# Staining fir question.



## dirtyjeep01 (Dec 19, 2015)

I have wiped a lot of stain on fir in the past but this whole house has for trim and jambs and sills ,crown etc. For sake of time thinking of spraying fir first with lacquer or shellac first to seal then spray staining then clear. Thoughts ?


----------



## RH (Sep 7, 2010)

dirtyjeep01 said:


> I have wiped a lot of stain on fir in the past but this whole house has for trim and jambs and sills ,crown etc. For sake of time thinking of spraying fir first with lacquer or shellac first to seal then spray staining then clear. Thoughts ?


I use a wood conditioner prior to staining fir.
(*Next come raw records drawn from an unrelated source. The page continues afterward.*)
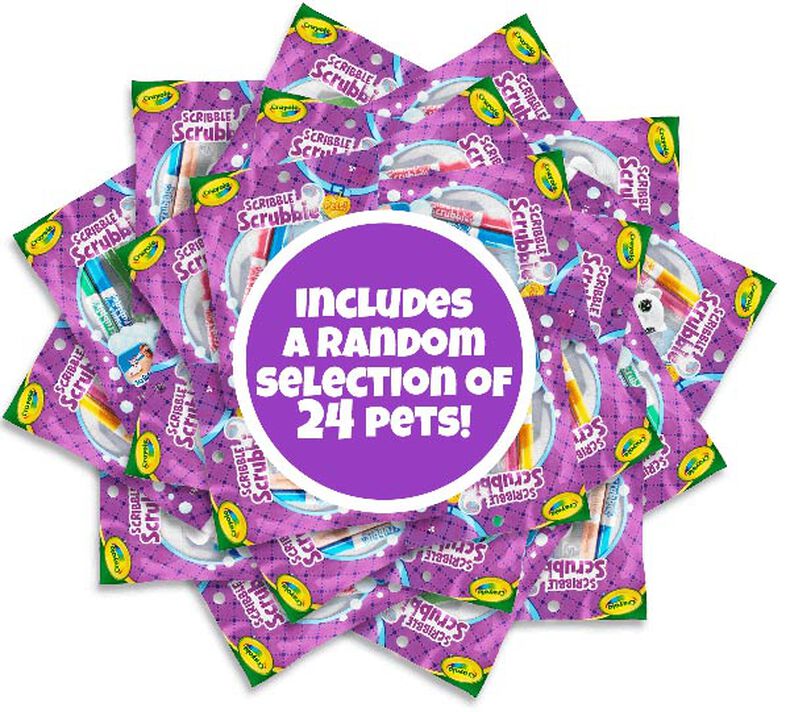 Scribble Scrubbie Pets, Bulk Case, 24 Assorted Bagged 1 Count Pets
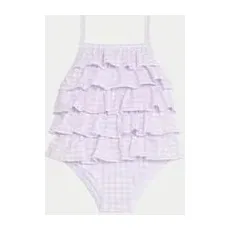 M&S Collection Maillot de bain à carreaux Vichy (jusqu'au 3ans) - Lilac Mix, Lilac Mix - 6-9 M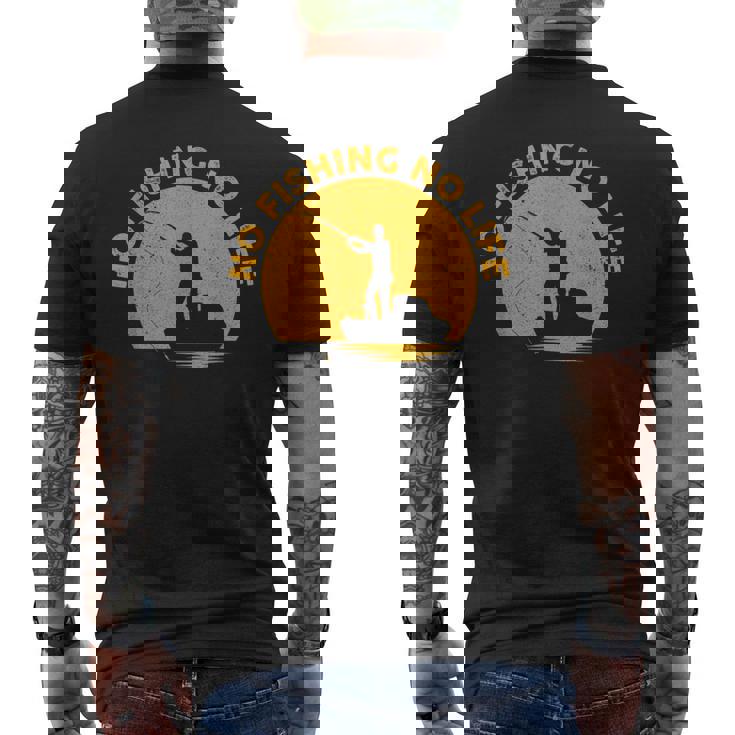 No Fishing No Life 釣り フィッシング ロゴ プリント メンズTシャツ バックプリント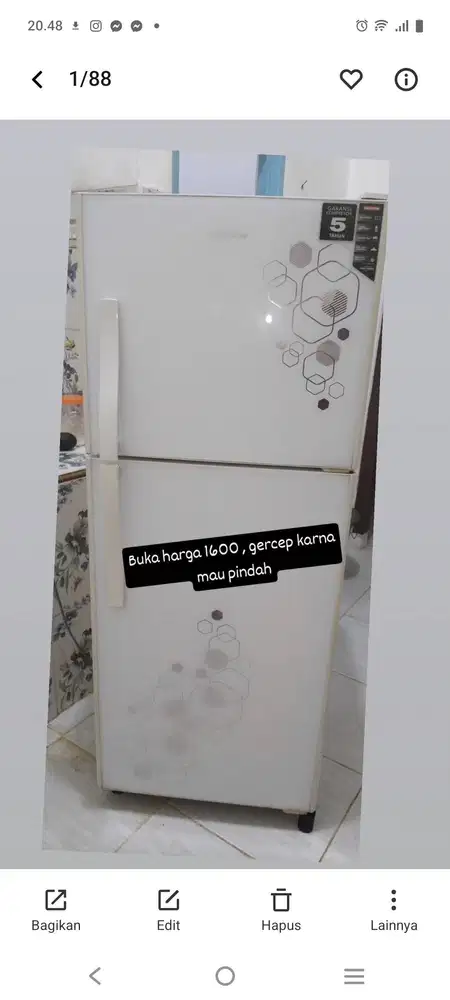 Kulkas politrin 2 pintu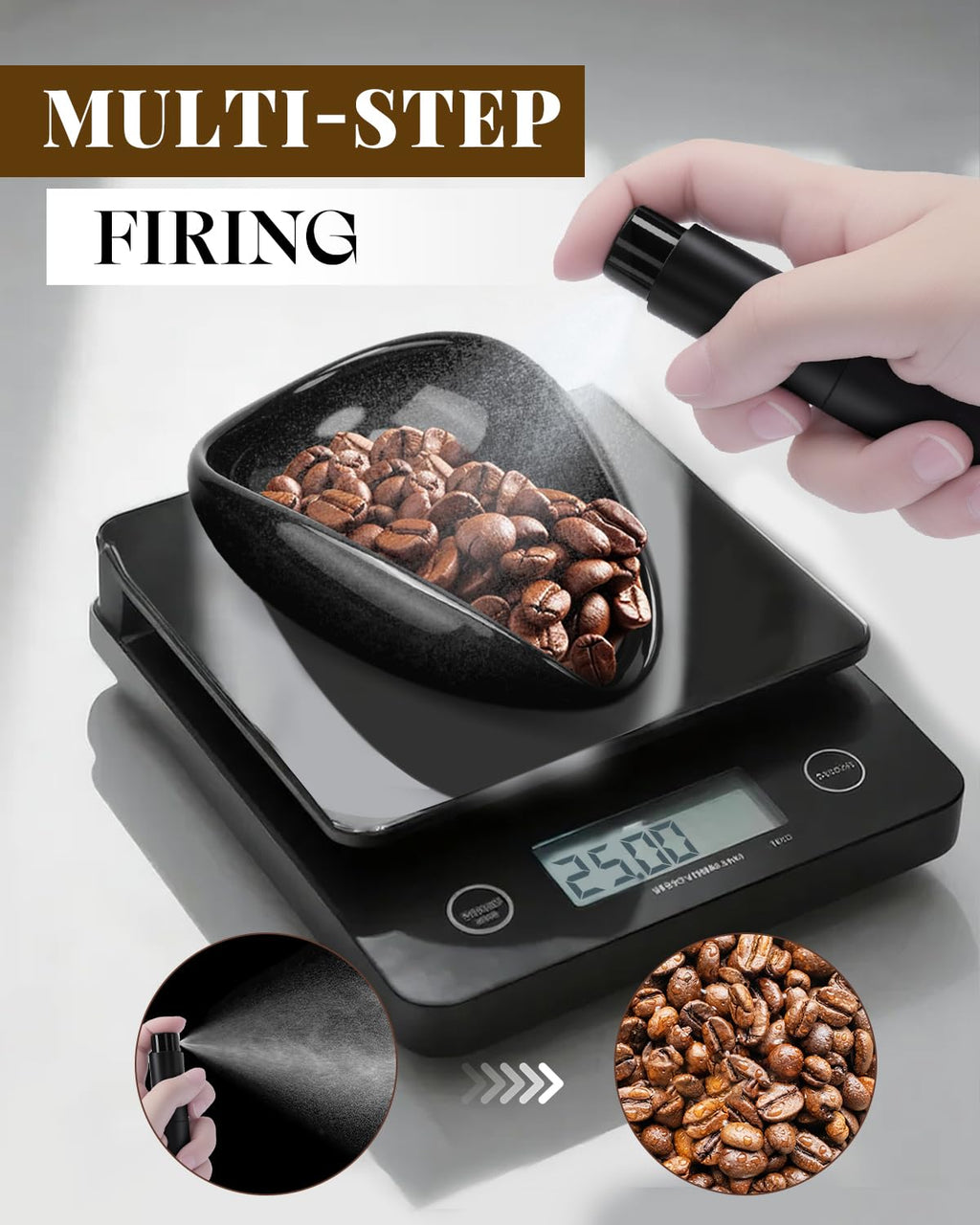PROKITCHEN Coffee Dosing Cup Set, Ceramic Espresso Dosing Cup, 10ml Coffee Spray Bottle, 15ml 304 Stainless Steel Measuring Spoon with Wooden Handle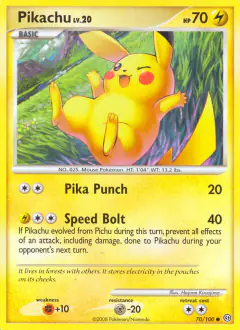 Pikachu 70/100 Common card from Stormfront
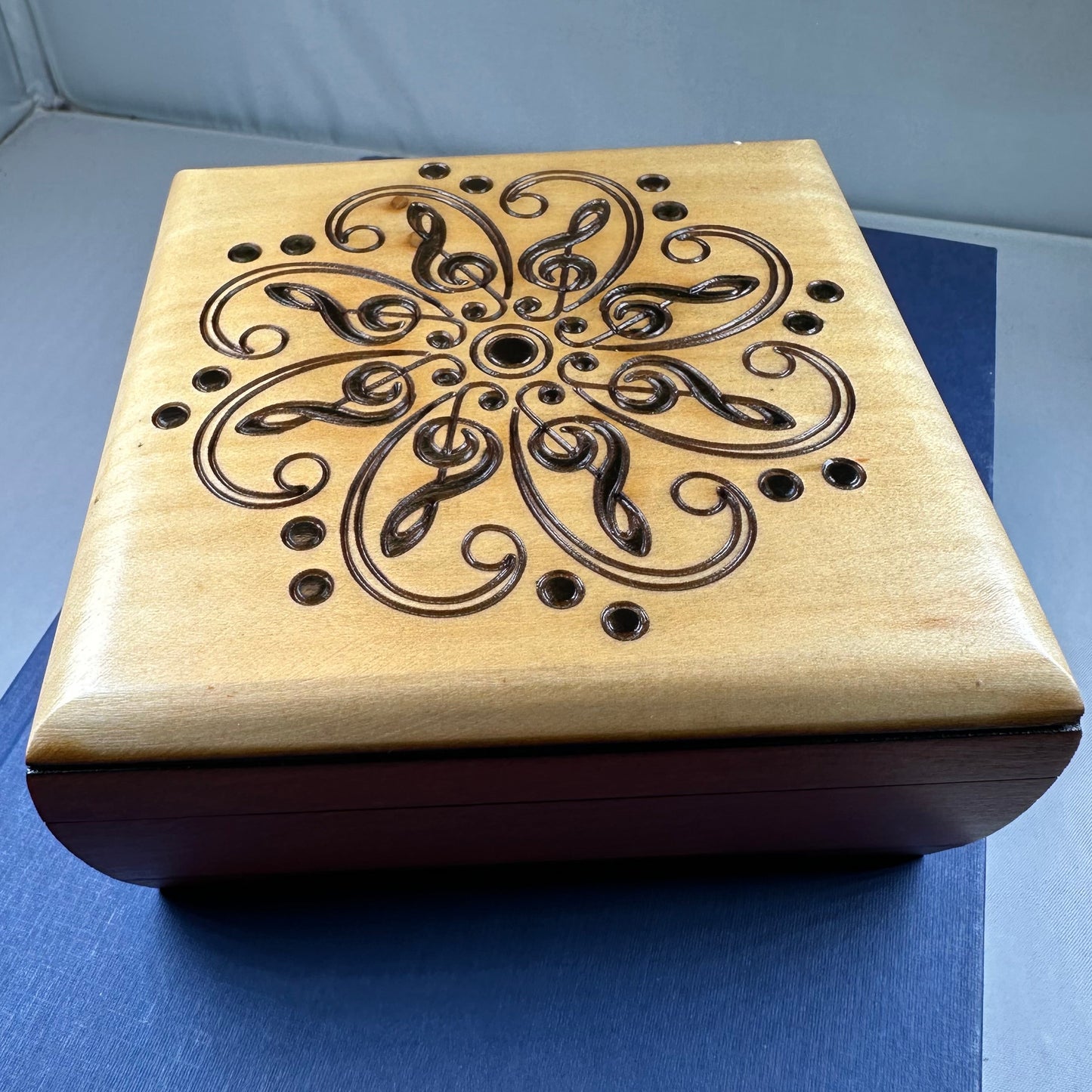 Treble Clef Music Note Keepsake Box - Handmade Wooden Box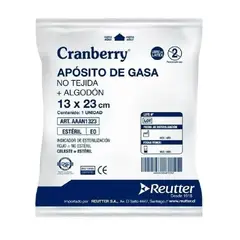 CRANBERRY - Apósito Gasa Algodon Estéril 13x23 no Tejida Pack X 10uni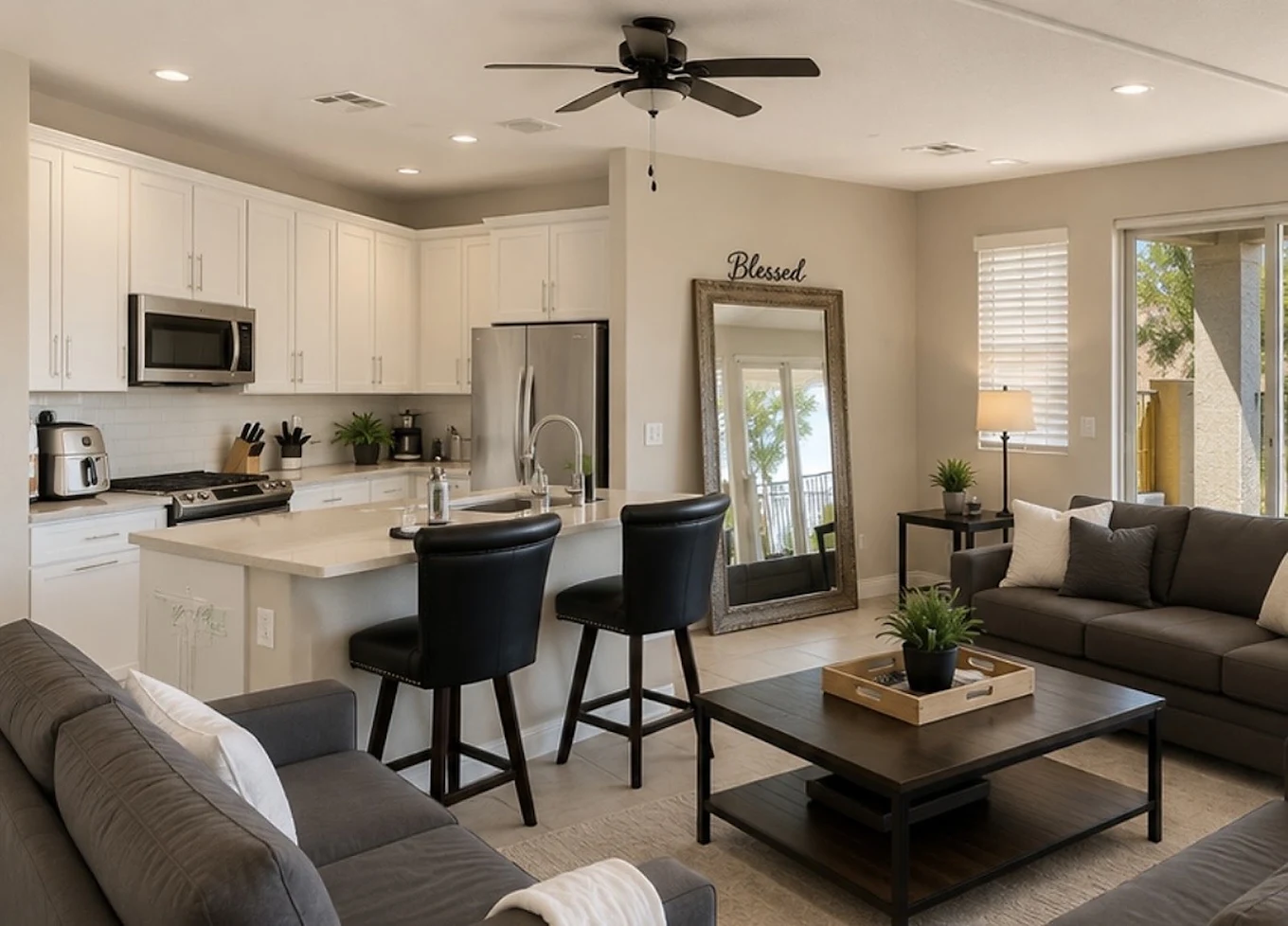 Bright communal dining and kitchen area at Empower Wellness Institute in Henderson, Nevada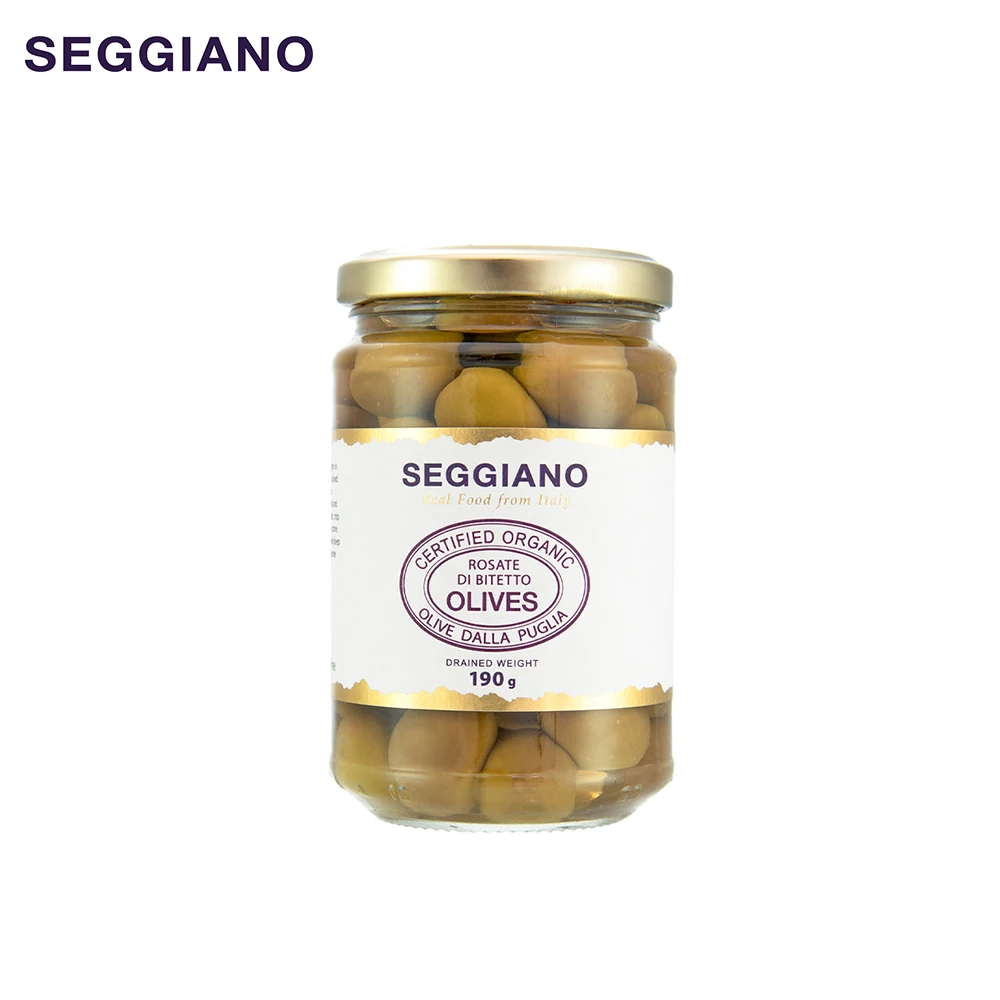 Wholesale Fresh Olives Supply Seggiano Organic Rosate di Bitteto Olives 190g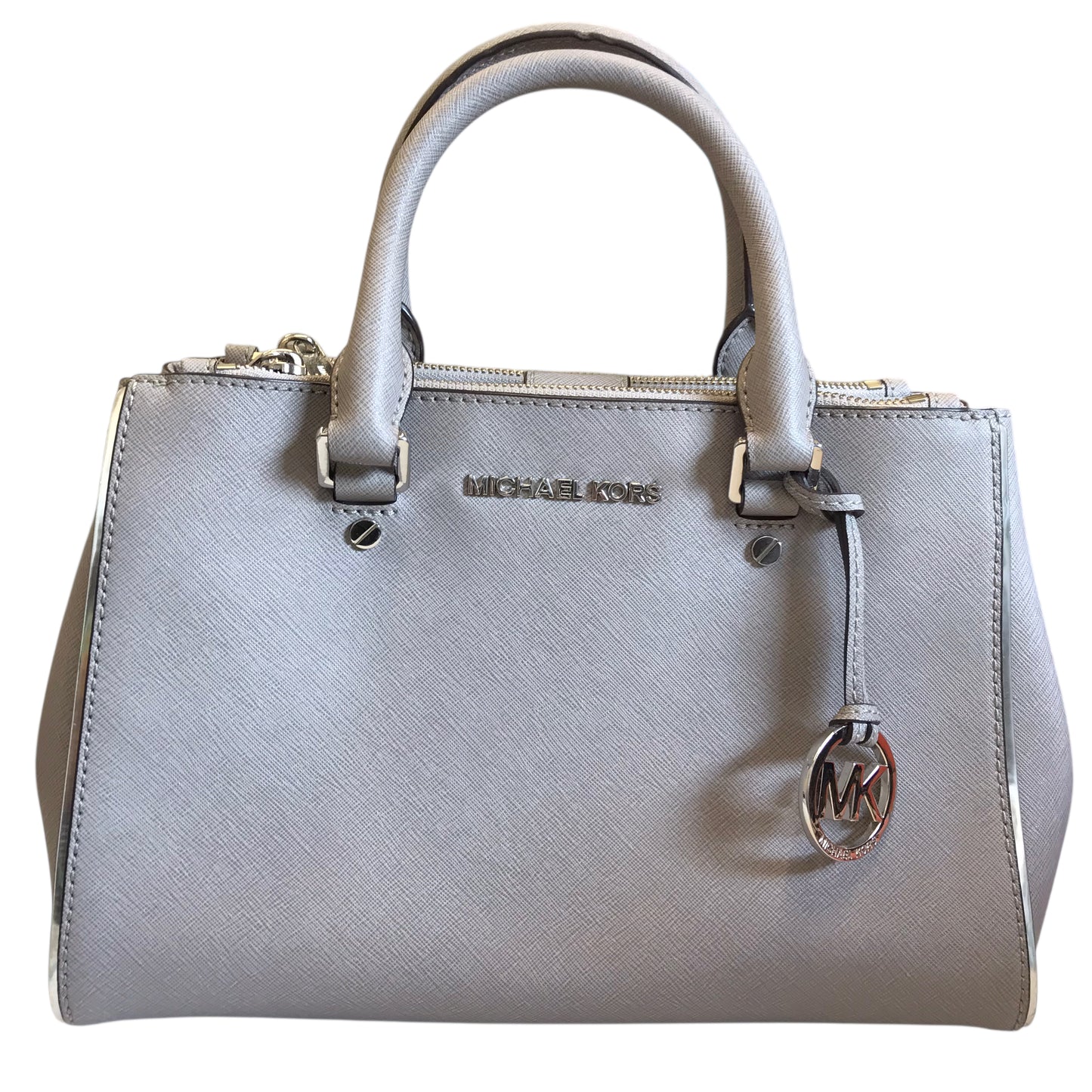 Handbag Designer By Michael Kors In Grey, Size:Medium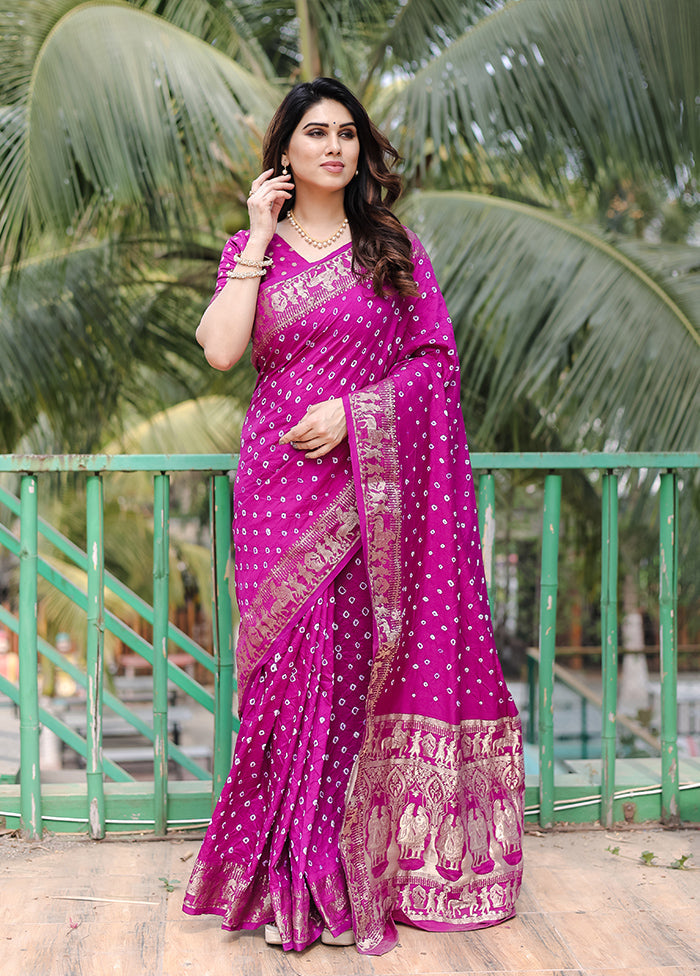 Purple Spun Silk Saree With Blouse Piece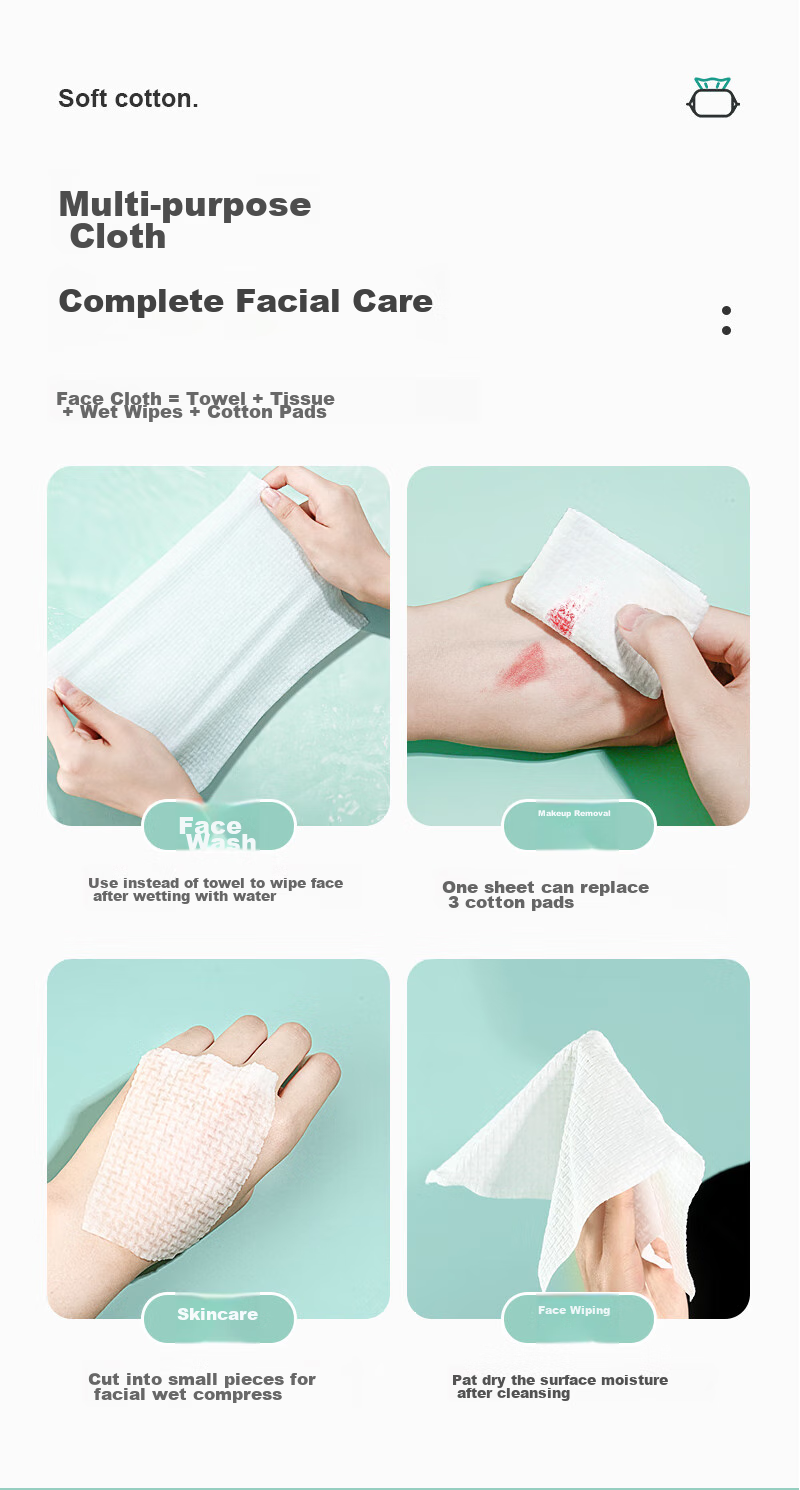 COTTON SHOOTS Disposable Face Towels, Pure Cotton Soft Wipes, Thickened Facial Cleansing Cloths, Hanging Family Pack, 2 Packs × 168 Sheets, 20*20cm 8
I think that using shellac or laquer may seal it too much.


----------



## dirtyjeep01 (Dec 19, 2015)

Really not wanting to use conditioner because it has to be out in by hand 8000 sqft house with tonnes of millwork . I usually do maple ..fir is a hole other game . Need production ..aaa and hvlp


----------



## Gough (Nov 24, 2010)

Our go-to for fir and othe blotch-prone woods is thinned SealCoat. I'm not sure about spraying, that's a lot of dETOH to evaporate into a space in short order.

We've had more reliable results from using a wash coat of shellac than from wood conditioners.


----------



## RH (Sep 7, 2010)

Gough said:


> Our go-to for fir and othe blotch-prone woods is thinned SealCoat. I'm not sure about spraying, that's a lot of dETOH to evaporate into a space in short order.
> 
> We've had more reliable results from using a wash coat of shellac than from wood conditioners.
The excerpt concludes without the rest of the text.